**Extracted entries:**

____________________

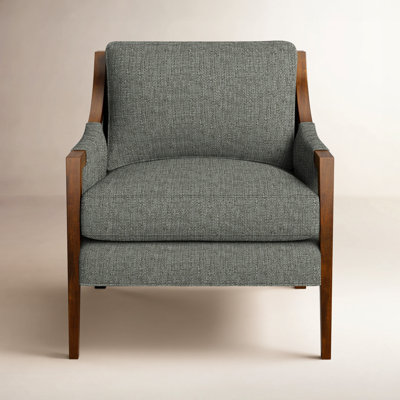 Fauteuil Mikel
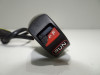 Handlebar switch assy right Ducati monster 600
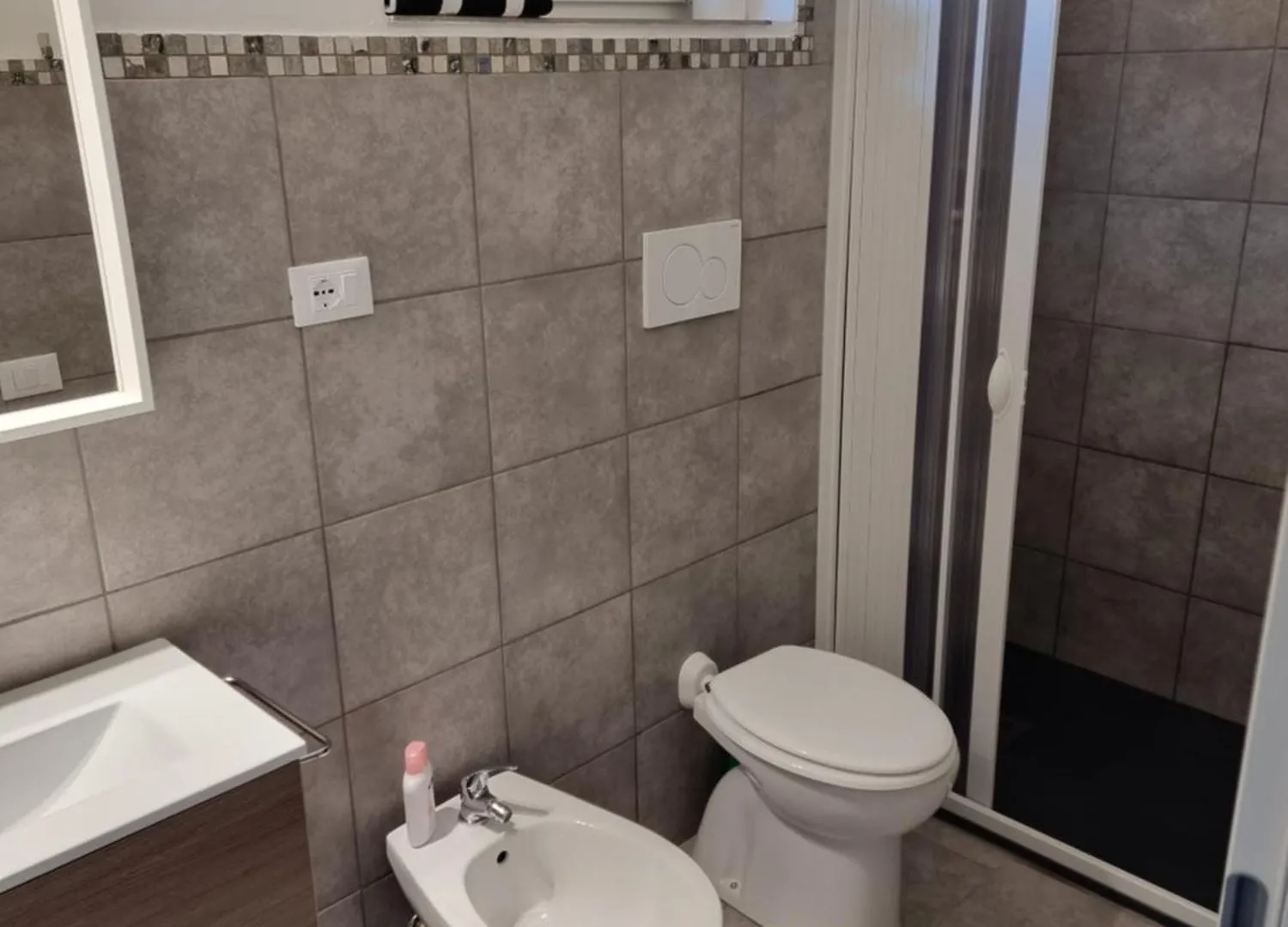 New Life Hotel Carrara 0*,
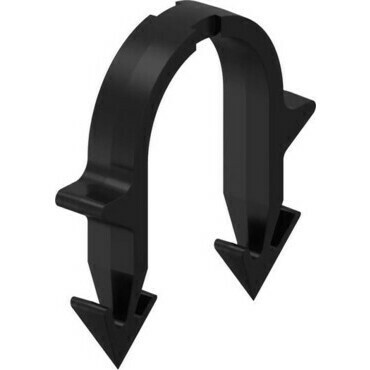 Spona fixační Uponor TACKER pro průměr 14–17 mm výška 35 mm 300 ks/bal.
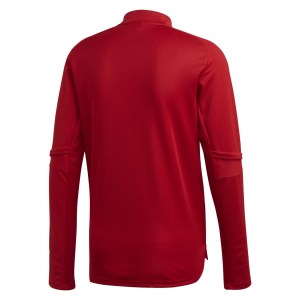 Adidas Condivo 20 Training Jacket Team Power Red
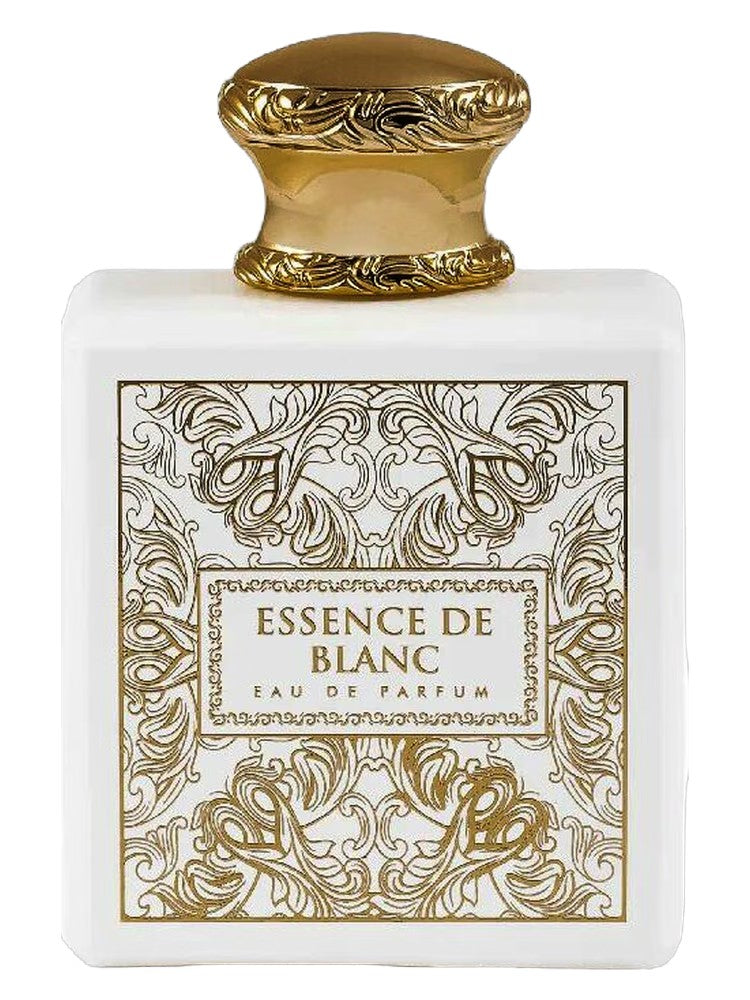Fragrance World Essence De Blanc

____________________

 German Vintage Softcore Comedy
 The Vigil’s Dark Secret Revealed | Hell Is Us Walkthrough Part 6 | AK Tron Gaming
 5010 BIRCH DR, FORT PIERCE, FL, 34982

____________________

**Task brief:** Set down exactly the lines above, from the line containing "Handlebar switch assy" through the line containing "Fragrance World Essence De Blanc". Skip the pictures.

**Result of this exercise:**
 Handlebar switch assy right Ducati monster 600
 New Life Hotel Carrara 0*,
 Spona fixační Uponor TACKER pro průměr 14–17 mm výška 35 mm 300 ks/bal.
 Adidas Condivo 20 Training Jacket Team Power Red
Fragrance World Essence De Blanc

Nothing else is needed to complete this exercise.